The government has sought to unearth some archaic legislation, dating from the first world war, that might allow it to prosecute, but it is far from certain that this is fit for the purpose. It is in any case unclear whether Mr Assange has committed any offence that falls within US jurisdiction.

Mr Assange is a potent opponent both because of his ideas and for the way he has harnessed technology to his purpose. His object is not to achieve specific disclosure but to attack secrecy per se. He has the ability to disseminate vast quantities of secret information through his website-cum-clearing house. By establishing it as a disembodied entity, he has sought to put his organisation beyond any jurisdiction's enforcement.

Mr Assange's idea that states should not keep secrets is untenable. Certain things should clearly be kept confidential, such as military secrets. Imagine if the plans for the atomic bomb had been published in 1943. Most would agree that those offering advice to governments, such as diplomats, should be able to do so in confidence.

But the US should not reach around the law to seek to punish Mr Assange. Defending secrecy by subverting the rule of law is a very poor bargain. It should learn lessons from what has happened.

These should be twofold. First the US must look at the law and decide whether it is adequate for the job of defending those secrets it needs to protect. If existing legislation needs to be strengthened, it should be.

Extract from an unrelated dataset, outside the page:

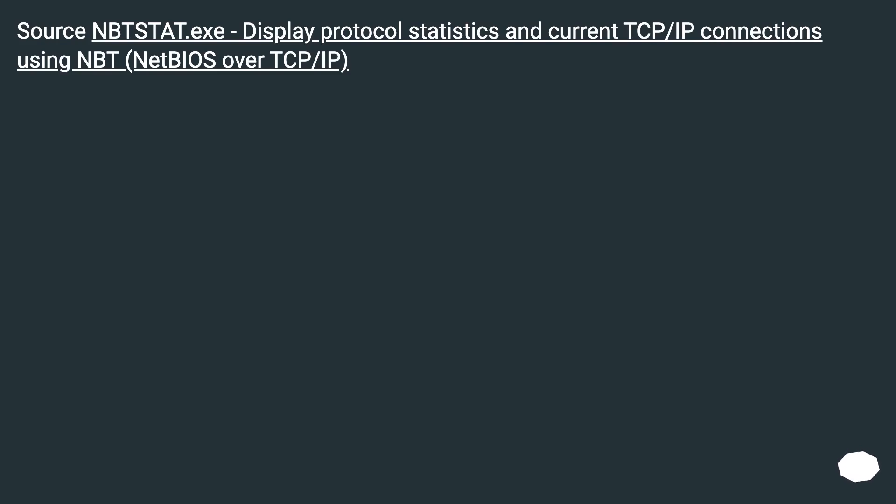Source: nbtstat.exe - display protocol statistics and current TCP/IP connections using NBT, NetBIOS over TCP/IP.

Senator Joe Lieberman has for instance put forward a law that would put extra constraints on the publishers of secrets. If enacted it would in some ways roll back the Supreme Court's 1971 judgment. This may not be desirable - or constitutional. But debating new laws rather than bending existing ones must be the way to go.

Second, the US must become better at keeping secrets. That means focusing on those that it is really necessary to keep. If you are going to punish transgressions more harshly, you should probably apply this to fewer, bigger secrets.

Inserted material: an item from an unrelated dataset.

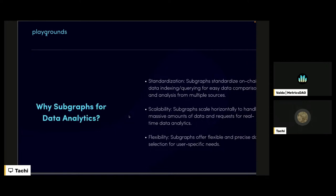So why should you use subgraphs for your data analytics? It comes in three flavors. Number one is standardization — subgraphs lend themselves to standardizing on-chain data and allow you to index that data much more efficiently. Second, subgraphs are scalable — they scale horizontally to handle massive amounts of data and requests for real-time analytics. And third, they're flexible — they offer a precise way to pick and choose the exact data you need without having to query everything and preprocess beforehand.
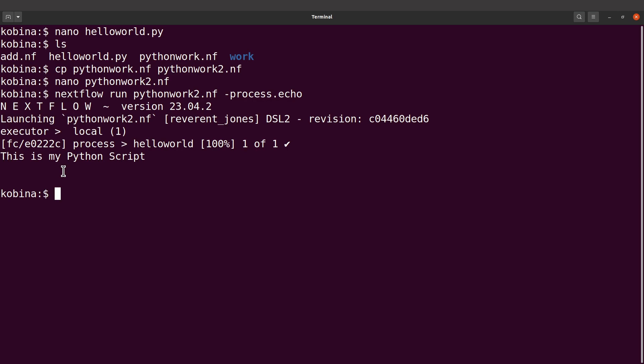I've given you two approaches for running Python in Nextflow. If you have a complex task you can still do modifications, but I'll cover those in another tutorial. For now you can start with this and build on it. Check the description box for additional Nextflow tutorials — I'll see you in the next session.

In any case, promiscuously expanding the realm of state information sealed from scrutiny, as the US has done, is both ineffective and counterproductive. It not only encourages citizens to snoop but makes secrets harder to keep.

If these lessons are not learnt, state employees will become reluctant to keep written records. The quality of public administration will suffer. Historians will struggle to piece together (and learn from) what happened in the past.

Mr Assange's public appeal comes partly from the belief that states lie and step around the law when it suits them. It would be unfortunate if the US response gave currency to that belief.